Para tomar el caso más paradigmático analicemos lo que viene sucediendo con las mal llamadas "empresas autogestionadas". Para comenzar, todas las empresas autogestionadas, como se las conoce en Uruguay, son dirigidas por ex- empleados cumpliendo el rol de empresario. Su papel es procurar que la empresa venda un producto o brinde un servicio que sea demandado por la sociedad, de la mejor forma y al precio más competitivo posible y de esa forma obtener ingresos que pagarán por los factores productivos que contribuyeron a generarlo. Que sea una cooperativa, una sociedad anónima, o cualquier otra forma de organización empresarial no cambia su naturaleza, es una empresa y como tal en la medida en que la sociedad la considere valiosa obtendrá un beneficio y si no es así, es que hay otras empresas que lo están haciendo mejor o al menos eso consideran los consumidores.

Naturalmente, esto es lo que ocurre en una economía de mercado, cuanto más nos apartamos de ella más entran en juego los intereses corporativos, la intervención del Estado y las rentas por privilegios en vez del beneficio por un trabajo bien hecho. El capitalismo liberal, que es el sistema que ha logrado el mayor avance en el nivel de vida de la gente en la historia, requiere que haya empresas que nazcan y otras que mueran, de lo contrario entramos en otro sistema, el capitalismo de Estado, donde es el gobierno quien decide qué empresas viven y cuáles no.

El problema es que mientras las empresas que cierran y dejan sin trabajo a personas concretas son bien visibles, las empresas que dejan de crecer o de crearse por la intervención del Estado que generan empresas zombis, subsidiando a las que están fundidas, no lo son. Volviendo a Bastiat, el problema está entre "lo que se ve y lo que no se ve". Al dilapidar recursos que salen de los bolsillos de los uruguayos en emprendimientos ruinosos, el Estado cercena nuestro crecimiento económico en base al espíritu emprendedor de la sociedad civil, se crean menos trabajos en las empresas que sí funcionan porque la gente demanda sus productos y dejan de ser viables nuevos proyectos que no encuentran recursos disponibles porque el Estado los destruye.

Este es el asunto que los uruguayos no comprendemos bien. No existe un capitalismo sin lágrimas, pero los efectos en el largo plazo para la sociedad en su conjunto son infinitamente mejores que cualquier forma de pseudosocialismo de los que solemos practicar.

Cuando se subsidian empresas fundidas porque las "gestionan sus trabajadores" como las que pretende financiar el Fondes, los que más pierden son los trabajadores de las demás empresas que tendrán menores salarios y desempleo, tan sencillo como eso. No hay almuerzo gratis, de algún lado salen los recursos, y no son los burgueses capitalistas los que pagan el pato, son los uruguayos más humildes que pierden oportunidades de progresar por la codicia sindical, no la del capitalismo.

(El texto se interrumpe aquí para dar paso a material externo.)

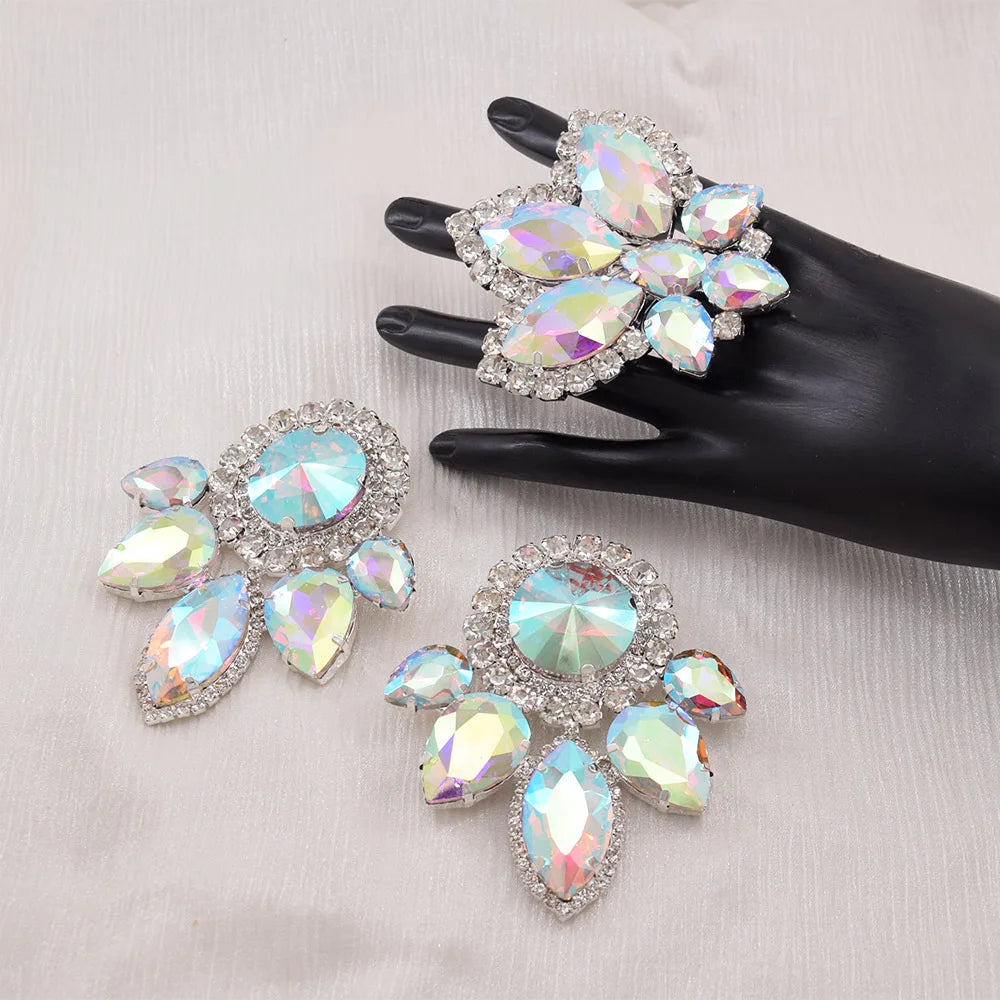 Rhinestone Earring & Ring Jewelry Set | Clip-On or Pin | 10 Colors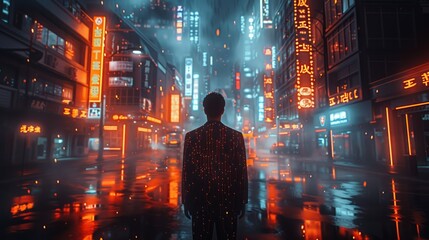 Fototapeta premium Man wearing wiring diagrams tuxedo in the street at night in a futuristic city with neon lighting. Generative AI.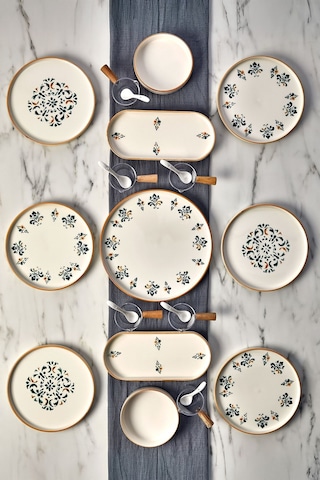 Kitchen Life 23 Parça 6 Kişilik D-Harma Stackable Kahvaltı Takımı - Sosluklu ve Kaşıklı Kahvaltılık Sunum Seti Beyaz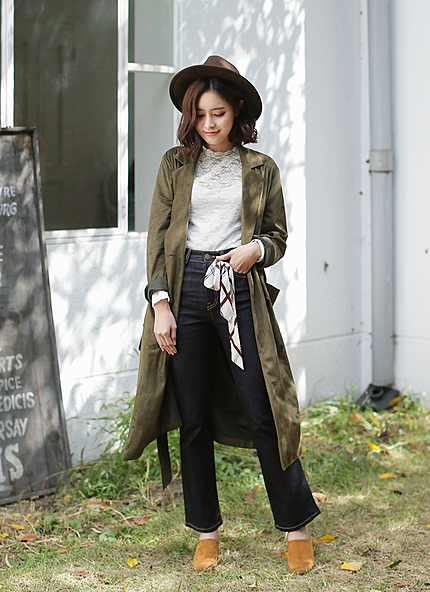 スエード調ロングトレンチコート・全3色・e45523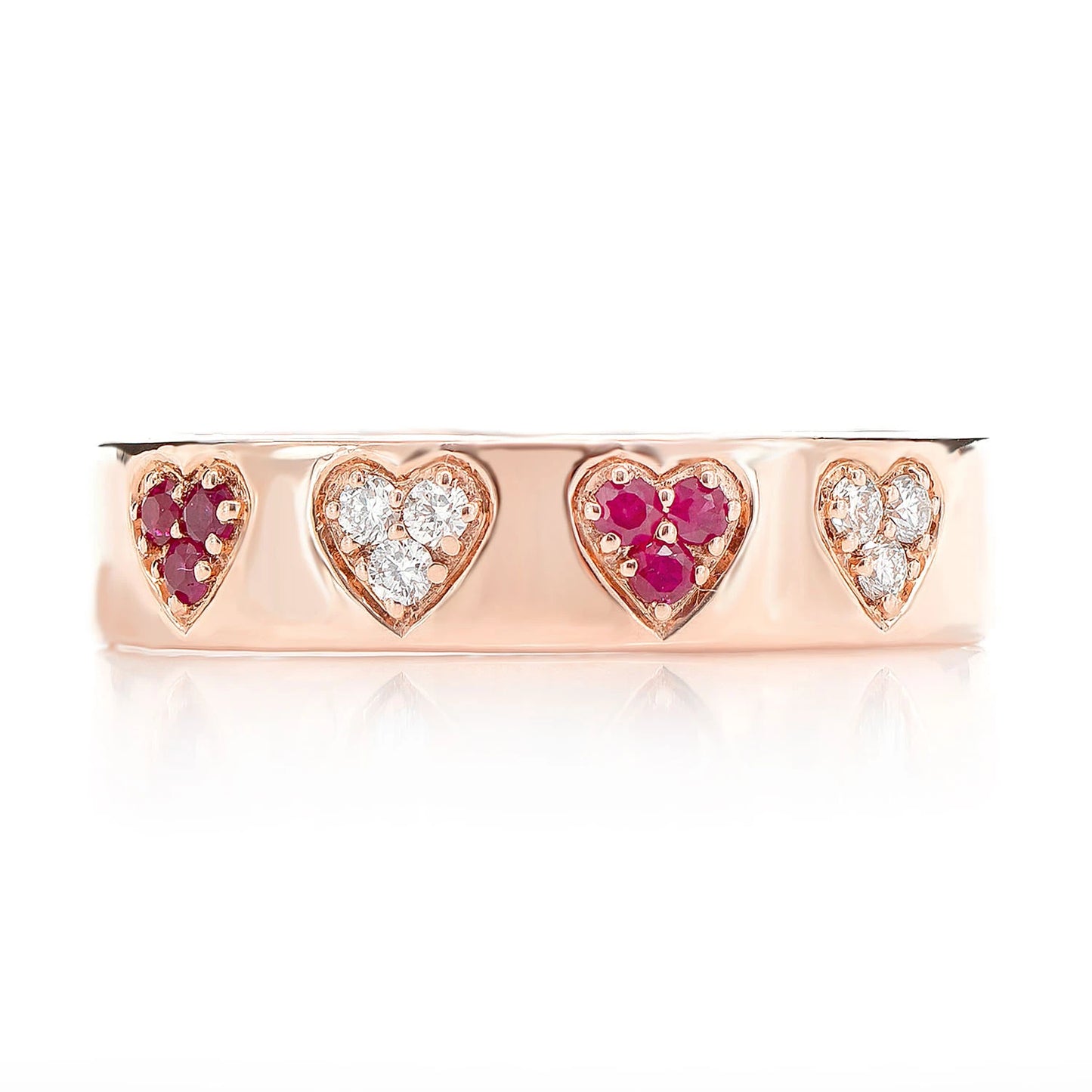 Ruby and Diamond Cluster Heart Band Ring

Por eso, cuando escuchamos ideas tan originales como la de estos días en que el Pit-Cnt propone que una parte de las compras que realiza el Estado tenga que hacerse obligatoriamente en "empresas autogestionadas" estemos alerta. Es solo un privilegio para algunos a costa del bienestar de la sociedad porque lo que realmente le estaremos dando a esas empresas es una renta indebida.

Alguna vez sería bueno escuchar de parte de la dirigencia sindical propuestas que defiendan al uruguayo que se parte el lomo laborando, al que contra mil problemas mantiene su autoservicio, su carpintería, su taller o su empresa de informática. De ese uruguayo que es el que paga la fiesta del Fondes y las empresas fundidas nadie se acuerda, pero es el que hace que el país camine.